While we believe that the practices of our businesses have been structured in a manner to ensure compliance with these laws and
regulations; federal, state or local regulatory authorities may take a contrary position. Our failure to comply with these laws and regulations
could result in proceedings against us, tax assessments, fines and penalties and/or a diminution of our reputation, each of which could adversely
affect our financial condition, results of operations and businesses.
Intellectual Property
We regard our intellectual property rights, including patents, service marks, trademarks, domain names, copyrights and trade secrets, as
important to our success. Our businesses also rely heavily upon software codes, informational databases and other systemic components that are
necessary to manage and support our operations. We rely on a combination of laws and contractual restrictions with employees, customers,
suppliers, licensees, affiliates and other third parties to establish and protect these proprietary rights. Despite these precautions, it may be
possible for a third party to copy or otherwise obtain and use trade secrets or copyrighted intellectual property without authorization which, if
discovered, might require legal action to correct. In addition, third parties may independently and lawfully develop substantially similar
intellectual properties.
We have generally registered and continue to apply to register, or secure by contract when appropriate, our trademarks and service marks
as they are developed and used, and reserve and register domain names as we deem appropriate. We consider the protection of our trademarks to
be important for purposes of brand maintenance and reputation. While we vigorously protect our trademarks, service marks and domain names,
effective trademark protection may not be available or may not be sought in every country in which products and services are made available,
and contractual disputes may affect the use of marks governed by private contract. Similarly, not every variation of a domain name may be
available or be registered, even if available. Our failure to protect our intellectual property rights in a meaningful manner or challenges to related
contractual rights could result in dilution of brand names and/or limit our ability to control marketing on or through the internet using our various
domain names either of which could adversely affect our business, financial condition and results of operations.
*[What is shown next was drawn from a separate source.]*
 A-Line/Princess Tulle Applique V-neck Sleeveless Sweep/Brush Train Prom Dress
Some of our businesses have been granted patents and/or have patent applications pending with the United States Patent and Trademark
Office and/or foreign patent authorities for various proprietary technologies and other inventions. We consider applying for patents or for other
appropriate statutory protection when we develop valuable new or identify improved proprietary technologies or inventions, and will continue to
consider the appropriateness of filing for patents to protect future proprietary technologies and inventions as circumstances may warrant. The
issuance or assessment of the validity of any patent involves complex legal and factual questions, and the breadth of claims allowed is uncertain.
Accordingly, any patent application filed may not result in a patent being issued or existing or future patents may not be adjudicated valid by a
court or be afforded adequate protection against competitors with similar technology. In addition, third parties may create new products or
methods that achieve similar results without infringing upon patents that we own. Likewise, the issuance of a patent to us does not mean that our
processes or inventions will not be found to infringe upon patents or other rights previously issued to third parties.
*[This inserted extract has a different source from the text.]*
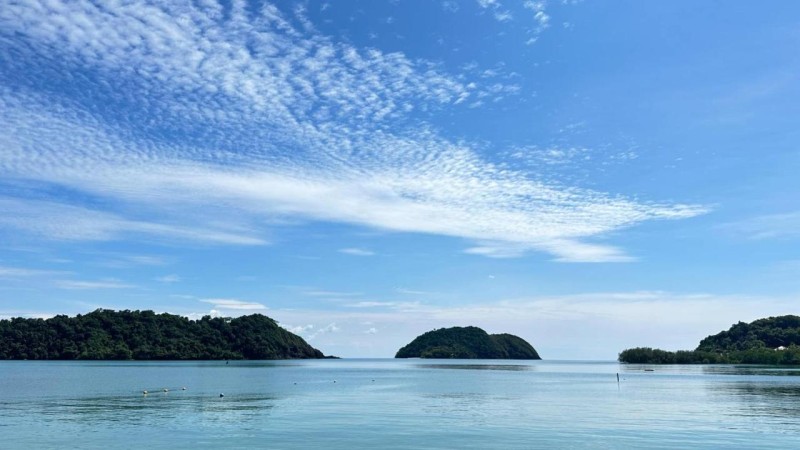 Image: Laem Tukkata beach Koh Mak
From time to time, we are subject to legal proceedings and claims in the ordinary course of business, including claims of alleged
infringement of the trademarks, copyrights, patents and other intellectual property rights of third parties. In addition, litigation may be necessary
in the future to enforce our intellectual property rights, protect trade secrets or determine the validity and scope of proprietary rights claimed by
others. Any litigation of this nature, regardless of outcome or merit, could result in substantial costs and diversion of management and technical
resources, any of which could adversely affect our business, financial condition and results of operations. Patent litigation tends to be particularly
protracted and expensive.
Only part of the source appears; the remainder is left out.